[Opening Task inputs section]

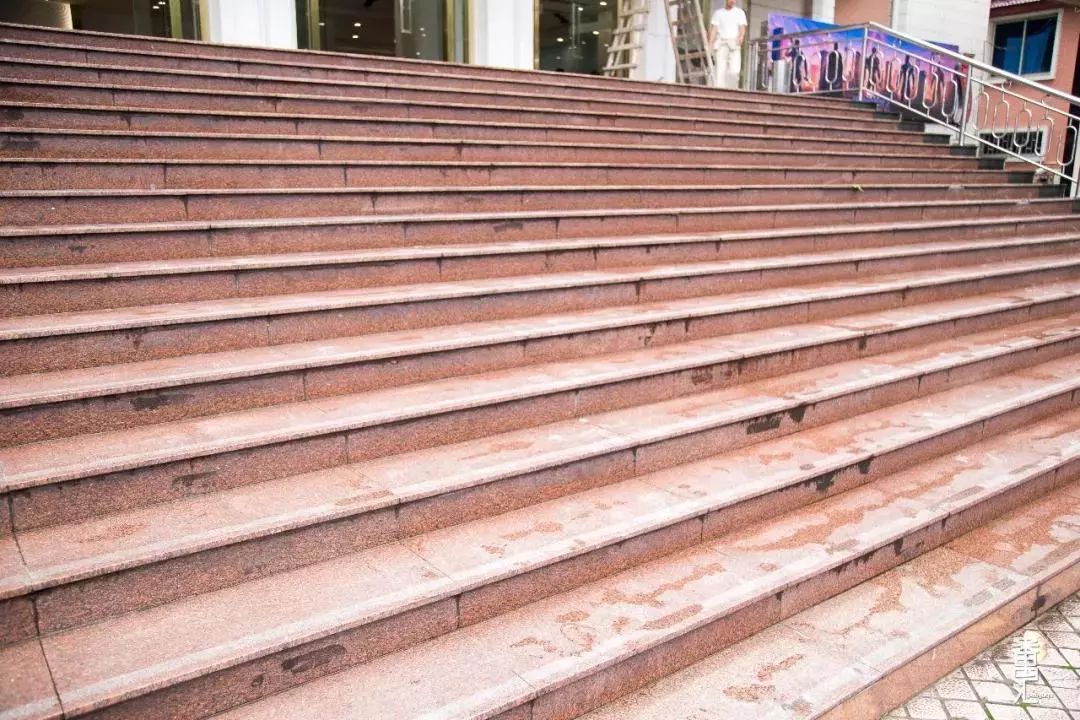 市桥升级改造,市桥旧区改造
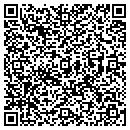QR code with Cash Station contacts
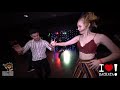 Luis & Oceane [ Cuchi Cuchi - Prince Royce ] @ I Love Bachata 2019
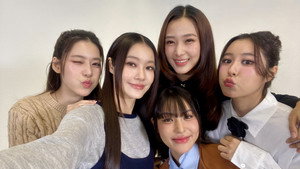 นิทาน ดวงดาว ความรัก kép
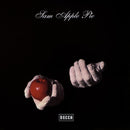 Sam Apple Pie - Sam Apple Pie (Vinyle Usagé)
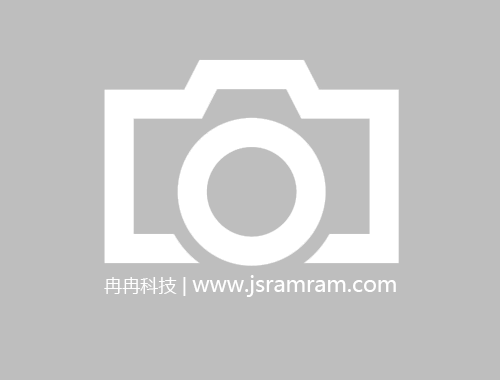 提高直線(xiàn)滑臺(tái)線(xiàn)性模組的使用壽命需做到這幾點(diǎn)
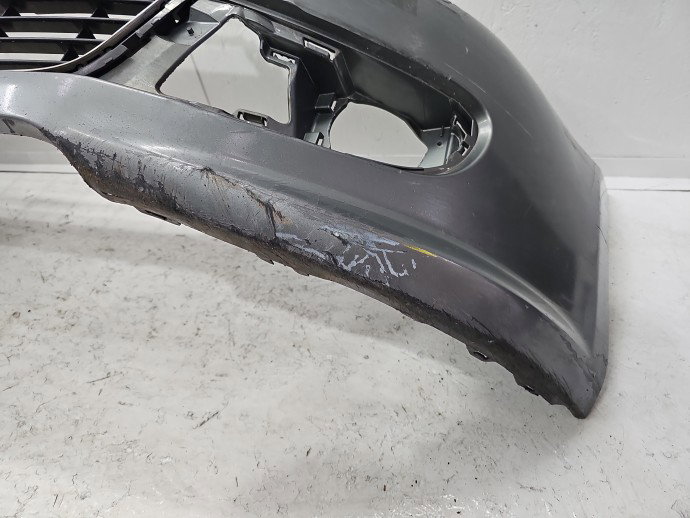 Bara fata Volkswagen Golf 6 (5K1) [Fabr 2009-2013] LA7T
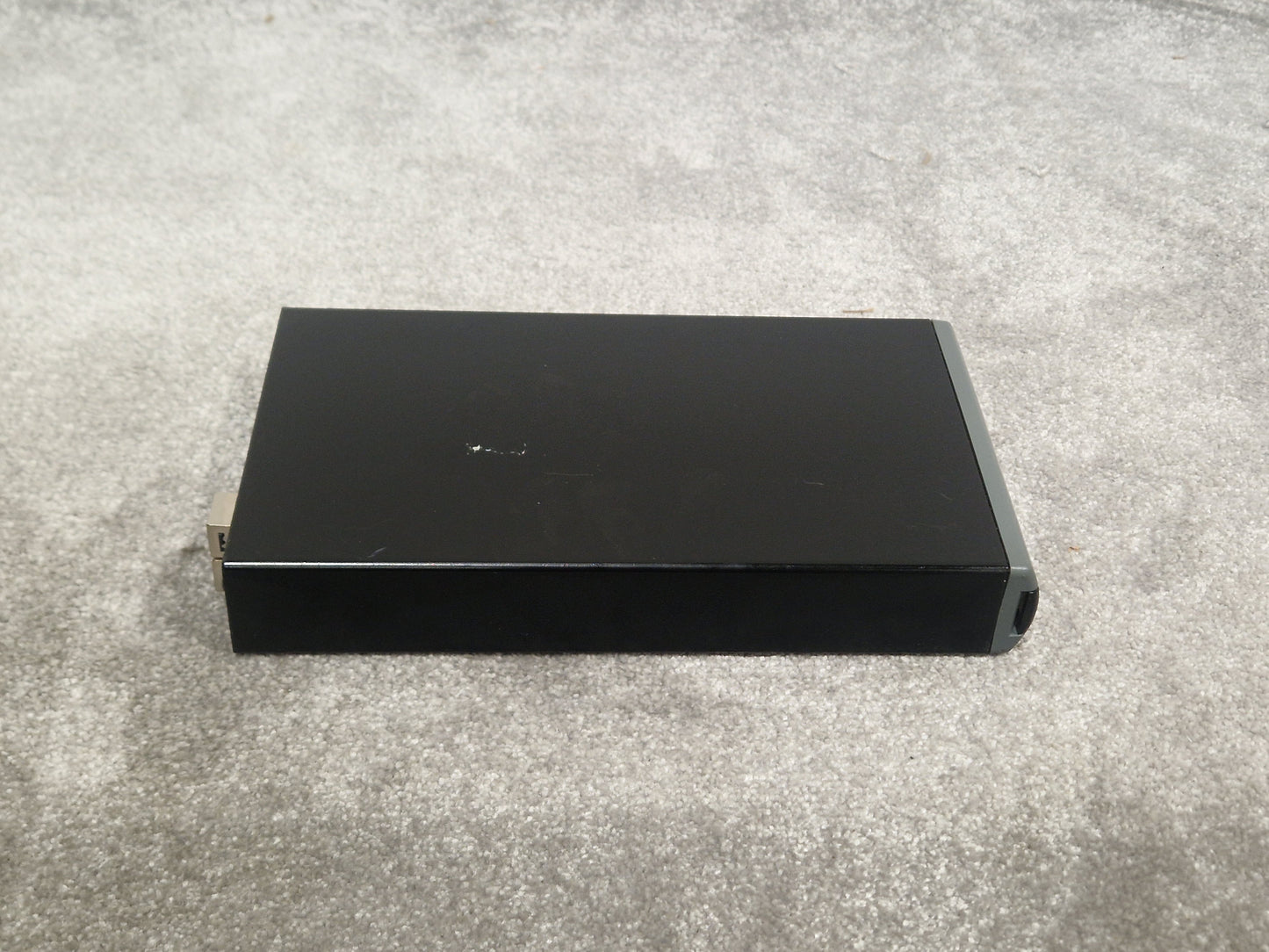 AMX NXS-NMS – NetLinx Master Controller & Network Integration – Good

[Closing Task inputs section]
[Opening Task inputs section]

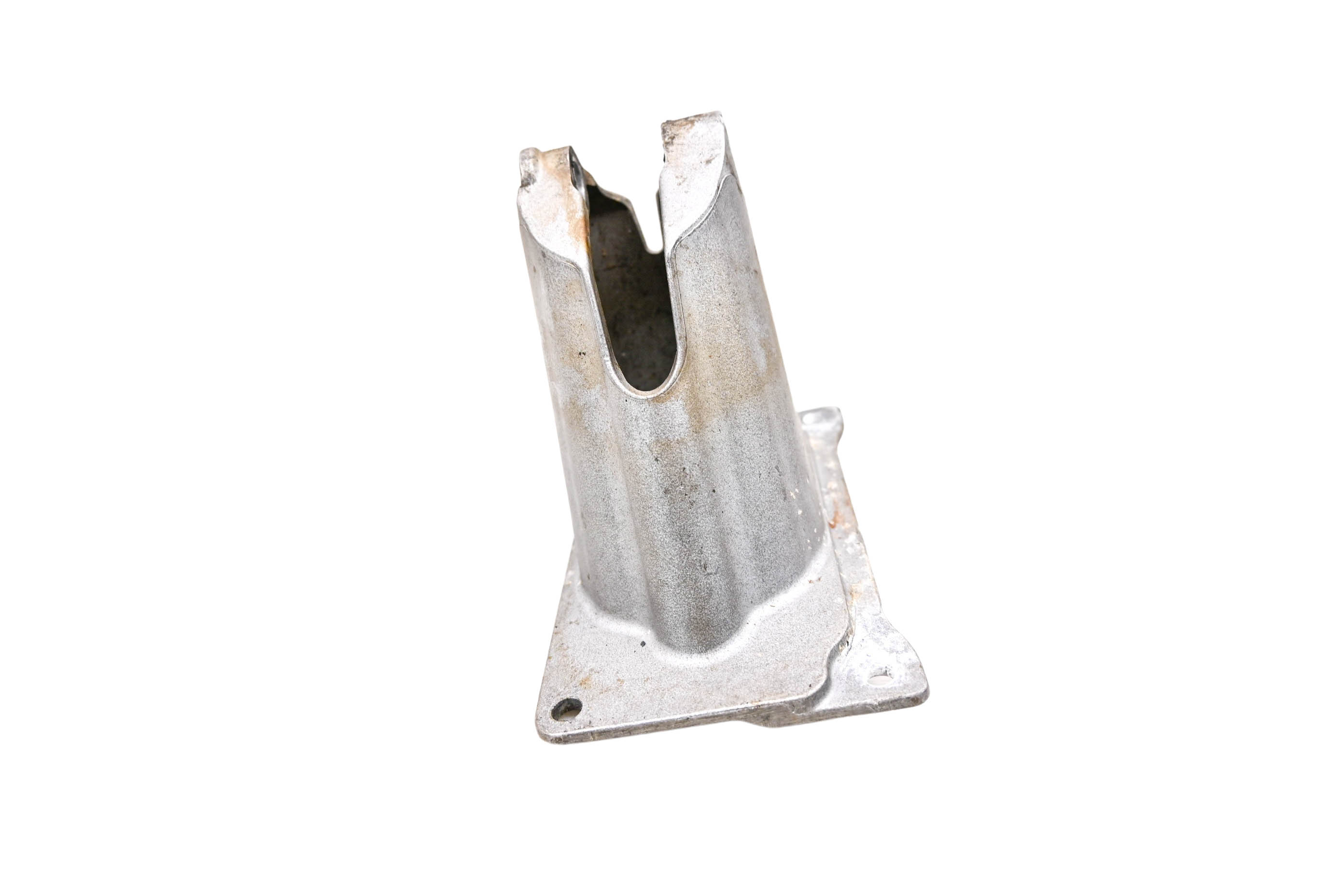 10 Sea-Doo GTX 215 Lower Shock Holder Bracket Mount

[Closing Task inputs section]
[Opening Task inputs section]

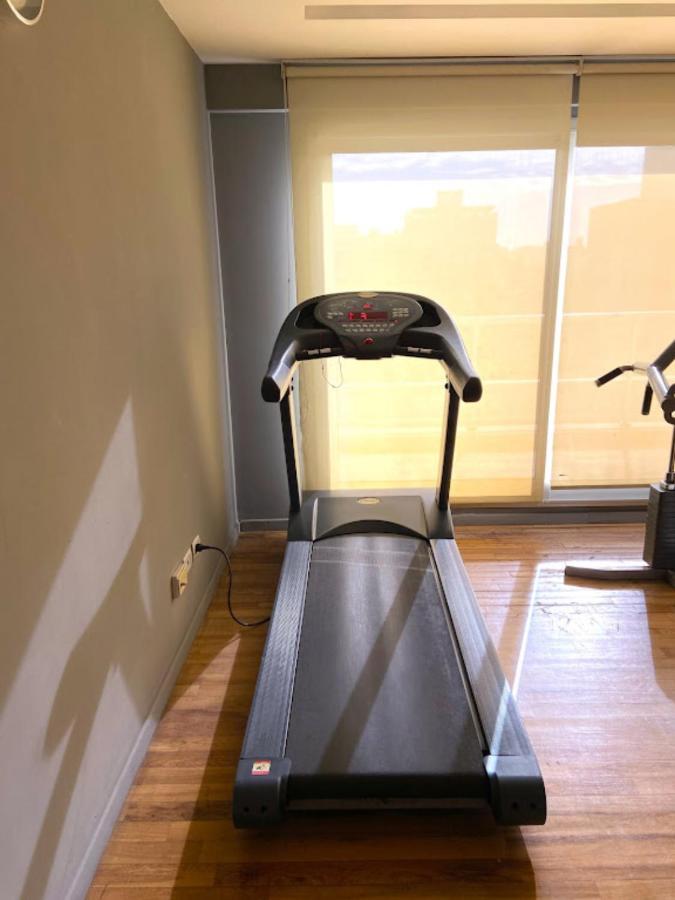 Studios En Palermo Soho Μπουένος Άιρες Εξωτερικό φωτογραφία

[Closing Task inputs section]

### Prompt
In the data above, take the line with "市桥升级改造,市桥旧区改造", the line with "AMX NXS-NMS –", and every line between, and set them down exactly without pictures.

### Response area
 市桥升级改造,市桥旧区改造
QR code with Cash Station contacts
 Luis & Oceane [ Cuchi Cuchi - Prince Royce ] @ I Love Bachata 2019
 นิทาน ดวงดาว ความรัก kép
 Sam Apple Pie - Sam Apple Pie (Vinyle Usagé)
 提高直線(xiàn)滑臺(tái)線(xiàn)性模組的使用壽命需做到這幾點(diǎn)
 Bara fata Volkswagen Golf 6 (5K1) [Fabr 2009-2013] LA7T
 AMX NXS-NMS – NetLinx Master Controller & Network Integration – Good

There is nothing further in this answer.